TASK DETAILS: A word-for-word transcription of the records is required.

_ _ _ _ _ _ _

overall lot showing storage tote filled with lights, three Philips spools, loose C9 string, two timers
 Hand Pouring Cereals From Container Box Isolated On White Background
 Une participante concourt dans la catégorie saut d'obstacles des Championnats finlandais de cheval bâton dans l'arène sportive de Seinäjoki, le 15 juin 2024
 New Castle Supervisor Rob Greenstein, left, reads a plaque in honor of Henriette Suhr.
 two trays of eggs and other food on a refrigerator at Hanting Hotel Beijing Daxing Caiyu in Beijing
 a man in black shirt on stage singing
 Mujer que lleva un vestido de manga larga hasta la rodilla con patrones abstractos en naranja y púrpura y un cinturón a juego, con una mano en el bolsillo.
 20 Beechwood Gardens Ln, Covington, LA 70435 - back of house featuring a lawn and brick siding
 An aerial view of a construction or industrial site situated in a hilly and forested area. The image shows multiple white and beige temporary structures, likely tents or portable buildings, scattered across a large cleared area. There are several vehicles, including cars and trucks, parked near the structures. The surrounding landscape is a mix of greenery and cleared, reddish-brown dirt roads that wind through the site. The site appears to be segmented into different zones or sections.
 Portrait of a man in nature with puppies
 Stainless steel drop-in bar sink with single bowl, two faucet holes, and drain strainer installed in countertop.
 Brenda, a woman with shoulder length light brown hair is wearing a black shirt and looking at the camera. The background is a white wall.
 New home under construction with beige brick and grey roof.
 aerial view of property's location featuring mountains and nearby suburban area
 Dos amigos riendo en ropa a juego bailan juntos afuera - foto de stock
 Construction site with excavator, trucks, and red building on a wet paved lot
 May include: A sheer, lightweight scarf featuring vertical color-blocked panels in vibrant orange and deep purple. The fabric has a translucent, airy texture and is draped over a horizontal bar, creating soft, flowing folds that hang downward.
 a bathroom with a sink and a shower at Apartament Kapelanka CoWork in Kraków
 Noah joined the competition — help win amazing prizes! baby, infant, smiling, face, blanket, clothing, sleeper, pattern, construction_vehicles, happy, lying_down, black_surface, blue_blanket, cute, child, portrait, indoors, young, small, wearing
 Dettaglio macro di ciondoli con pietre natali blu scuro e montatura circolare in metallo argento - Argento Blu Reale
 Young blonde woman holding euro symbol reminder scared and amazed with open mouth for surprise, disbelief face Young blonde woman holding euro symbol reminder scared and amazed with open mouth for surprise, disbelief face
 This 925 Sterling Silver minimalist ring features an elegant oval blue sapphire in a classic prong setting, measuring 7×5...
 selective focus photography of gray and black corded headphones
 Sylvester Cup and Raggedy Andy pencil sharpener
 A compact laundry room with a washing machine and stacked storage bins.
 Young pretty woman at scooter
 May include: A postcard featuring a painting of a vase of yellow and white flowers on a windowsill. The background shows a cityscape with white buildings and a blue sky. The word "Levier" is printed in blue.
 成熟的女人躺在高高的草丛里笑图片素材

_ _ _ _ _ _ _

WRITTEN ANSWER:
overall lot showing storage tote filled with lights, three Philips spools, loose C9 string, two timers
 Hand Pouring Cereals From Container Box Isolated On White Background
 Une participante concourt dans la catégorie saut d'obstacles des Championnats finlandais de cheval bâton dans l'arène sportive de Seinäjoki, le 15 juin 2024
 New Castle Supervisor Rob Greenstein, left, reads a plaque in honor of Henriette Suhr.
 two trays of eggs and other food on a refrigerator at Hanting Hotel Beijing Daxing Caiyu in Beijing
 a man in black shirt on stage singing
 Mujer que lleva un vestido de manga larga hasta la rodilla con patrones abstractos en naranja y púrpura y un cinturón a juego, con una mano en el bolsillo.
 20 Beechwood Gardens Ln, Covington, LA 70435 - back of house featuring a lawn and brick siding
 An aerial view of a construction or industrial site situated in a hilly and forested area. The image shows multiple white and beige temporary structures, likely tents or portable buildings, scattered across a large cleared area. There are several vehicles, including cars and trucks, parked near the structures. The surrounding landscape is a mix of greenery and cleared, reddish-brown dirt roads that wind through the site. The site appears to be segmented into different zones or sections.
 Portrait of a man in nature with puppies
 Stainless steel drop-in bar sink with single bowl, two faucet holes, and drain strainer installed in countertop.
 Brenda, a woman with shoulder length light brown hair is wearing a black shirt and looking at the camera. The background is a white wall.
 New home under construction with beige brick and grey roof.
 aerial view of property's location featuring mountains and nearby suburban area
 Dos amigos riendo en ropa a juego bailan juntos afuera - foto de stock
 Construction site with excavator, trucks, and red building on a wet paved lot
 May include: A sheer, lightweight scarf featuring vertical color-blocked panels in vibrant orange and deep purple. The fabric has a translucent, airy texture and is draped over a horizontal bar, creating soft, flowing folds that hang downward.
 a bathroom with a sink and a shower at Apartament Kapelanka CoWork in Kraków
 Noah joined the competition — help win amazing prizes! baby, infant, smiling, face, blanket, clothing, sleeper, pattern, construction_vehicles, happy, lying_down, black_surface, blue_blanket, cute, child, portrait, indoors, young, small, wearing
 Dettaglio macro di ciondoli con pietre natali blu scuro e montatura circolare in metallo argento - Argento Blu Reale
 Young blonde woman holding euro symbol reminder scared and amazed with open mouth for surprise, disbelief face Young blonde woman holding euro symbol reminder scared and amazed with open mouth for surprise, disbelief face
 This 925 Sterling Silver minimalist ring features an elegant oval blue sapphire in a classic prong setting, measuring 7×5...
 selective focus photography of gray and black corded headphones
 Sylvester Cup and Raggedy Andy pencil sharpener
 A compact laundry room with a washing machine and stacked storage bins.
 Young pretty woman at scooter
 May include: A postcard featuring a painting of a vase of yellow and white flowers on a windowsill. The background shows a cityscape with white buildings and a blue sky. The word "Levier" is printed in blue.
 成熟的女人躺在高高的草丛里笑图片素材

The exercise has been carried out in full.